As the modern era dawned from around 1500 in Europe; these symbols began to lose their objective effect and the Reformation was a major result. This focused on whether the consecrated host was objectively spiritually-effectual - or whether there needed to be an inner 'subjective' act on the part of the believer. 

I believe this dispute arose exactly because the Eucharist began to lose the unquestioned and reliable objective effects it had possessed for many centuries.

My understanding is that the root cause of this change was a change in human consciousness - with the separating-out of the individual 'self' from the communal mind. Men no longer took in meaning with their perceptions, but also required that the outer symbol be met with a voluntary inner assent. 

And I believe this process has continued until now; when once-sacred and objectively-effective symbolism has become completely ineffectual and irrelevant for many modern people.  


The other side of this coin is that individuals are now responsible for their own spirituality. On the one hand (as I understand it, as a rule); nowadays demons cannot possess men unless they are invited, and can only stay in possession with consent... 

On the other hand, exorcism has lost its objective and reliable effectiveness. 

Nowadays an exorcism would not be something done-to a possessed person; but would need to be more like an attempt to persuade and encourage a possessed person to resist and repent - to withdraw consent and make an inward decision to refuse demonic control. 


The basic nature and conduct of the spiritual war has therefore changed since medieval times - and both the power and responsibility of the individual have increased greatly

Thus individuals are personally to blame for their own spiritual plight. And also, for the same reasons, people must do for-themselves what could once be done for-them.  

What I am saying is that in their depictions of angels, demons, and spiritual technologies; the mass media are encouraging a false understanding of the spiritual war as it (nearly always) applies here-and-now.  

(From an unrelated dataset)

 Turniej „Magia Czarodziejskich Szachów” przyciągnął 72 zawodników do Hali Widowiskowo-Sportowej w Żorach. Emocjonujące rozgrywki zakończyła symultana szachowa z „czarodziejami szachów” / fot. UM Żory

They are encouraging an atavistic, obsolete spirituality - which is not true for these times; and therefore does not work


This has two kinds of bad effects: 

In the first place it absolves individuals of responsibility of their own spiritual corruption, and encourages a spiritual passivity that looks to other people, external actions and physical objects for their salvation. 

Yet none of this actually works. (Or, only seldom, and incompletely.)

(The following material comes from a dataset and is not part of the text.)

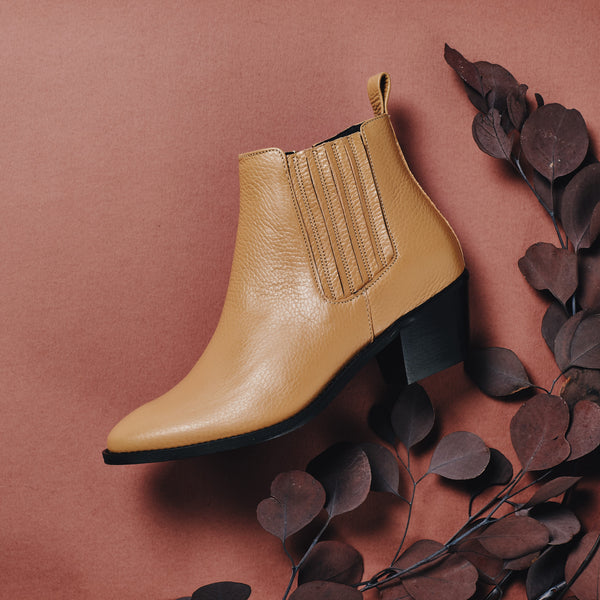 penelope cappuccino leather chelsea boots with zip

In the second place; this atavistic spirituality is so alien to the actuality of modern life (and so ineffective) as to seem utterly absurd; and to encourage the rejection of spiritual belief altogether. 

When the depictions are so sensational, medieval and untrue to experience; naturally most people regard the whole subject as mere make-believe.  

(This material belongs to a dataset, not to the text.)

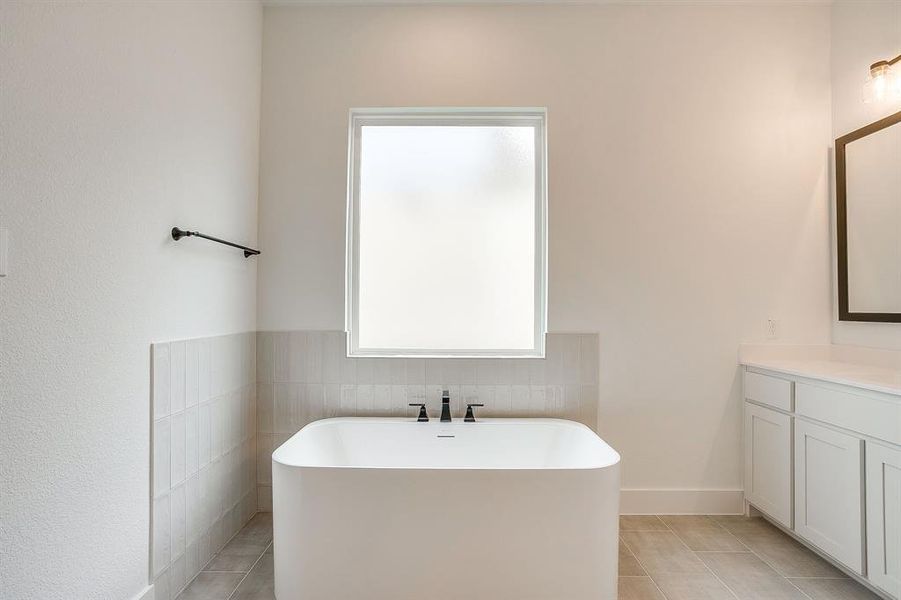 Furnished interior view inside a new home in Talon Hills, Fort Worth (Image 26). Furnished interior view inside a new home in Talon Hills, Fort Worth (Image 26).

Meanwhile, the real spiritual war proceeds and thrives unnoticed, denied; and unimpeded by that correct-understanding, acknowledged responsibility, and free-individual-choice - which are the demons only truly-powerful opponents.  


Note: The above perspective, especially on the developmental (evolutionary) changes in human consciousness through history - and causally-driving that history - is heavily indebted to Owen Barfield - in books such as Romanticism Comes of AgeSaving the Appearances and Worlds Apart - and also a selective reading from the vast (and uneven) corpus of Rudolf Steiner.